Latitude 2018
Low Down
The 2017 January night before Donald Trump was elected 45th President of the USA, art-rock alchemists Mogwai played Berkeley in California. Inside the packed UC Theatre they stoically steered through Atomic, their 2016 soundtrack for Atomic: Living In Dread And Promise, northern Irish film director Mark Cousins’ devastating dissection of nuclear history as the film itself rolled out behind the band. Mogwai’s eerie symphonic intensity dramatically magnified the catastrophic imagery of actual armageddon. For some, it was a sensory overload too far.
Review
Wow! People really like the Killers, don’t they? This tent is more than half empty. By the end i will be right at the front, leaning on the crash barrier. Which is awesome! And at no point do the band seem to mind one bit. They are entirely professional and entirely brilliant.
I honestly don’t mean to be a contrarian, and I genuinely believe that the Killers are putting on a great show, but the truth is I don’t like them. I wouldn’t walk twenty paces to hear them play. Whereas the epic, sweeping, majestic post-rock soundscapes of Mogwai would have me hiking over many a Scottish glen.
Where groups like Godspeed… might spend a half-hour on a movement, Mogwai stick to four or five minute songs, and focus far more on guitars and pedals. They must really know their pedals!
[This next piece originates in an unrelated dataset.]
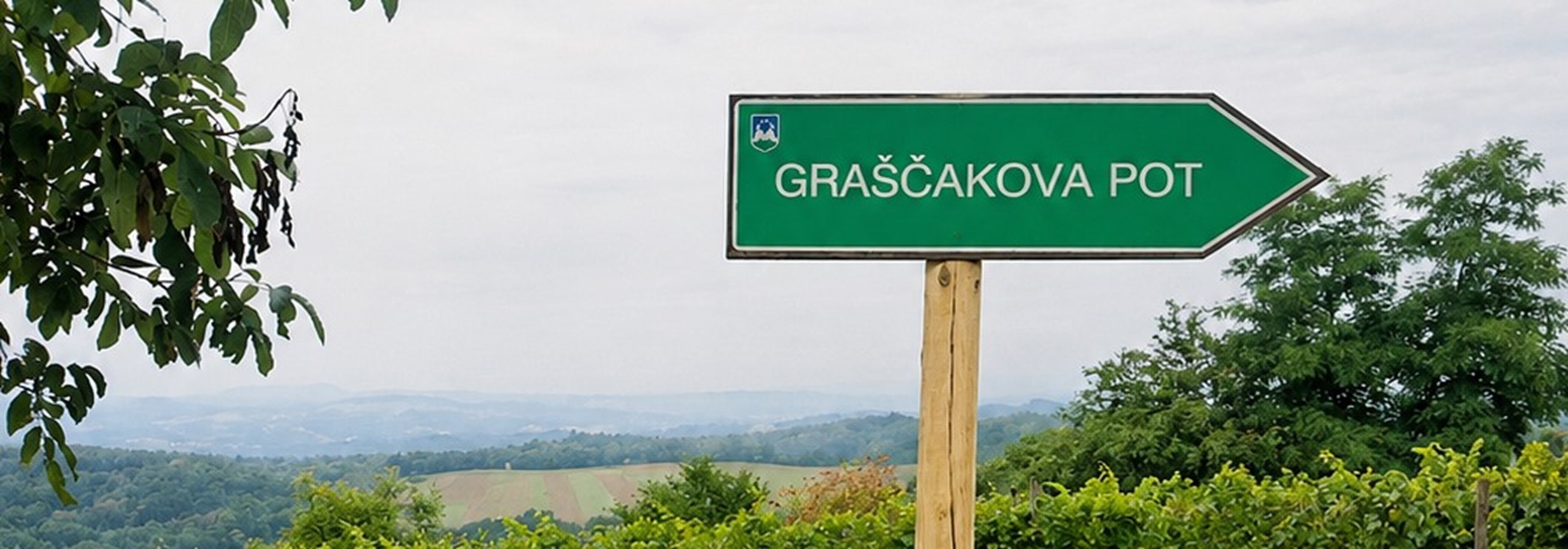 POT PO GRAŠČAKI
Anyway, it’s sort of the “don’t-bore-us-get-to-the-chorus” version of post-rock. It’s the same pattern of layering and building to a loud, orchestral version of a hook, but faster. I’m very fond of Mogwai, and while I can’t remember all these songs’ names, I can whistle along happily. Not that I do.
Every now and again a cool-looking girl comes out and plays a kettle drum really well (I know! Who knew that was a Thing?!). It seems to add a lot. Though in general I’m surprised that it’s possible to make this sort of noise with only five guys (plus kettle-drum-girl).
Standing here as the guitars build to squealing crescendo after howling crescendo after screeching crescendo, the bass so powerful it’s tickling my hair and scalp and upsetting my stomach, I don’t think I could be much happier.
Mogwai can be pensive. They can be angry. They can be sad (though not often actually). And they can properly rock out. And when they do, my word it is quite the experience! They can make mountains of feedback, valleys of bass. They turn distortion into a beautiful symphony.
At the end I wander out, slightly dazed by the intensity of the experience, to hear the triumphantly bland chords of Mr. Bright Side limp across the fields and I wish I could tell those people in the main arena what they just missed. But I can’t. It will remain a much more special and rarified experience, and one I certainly won’t forget any time soon.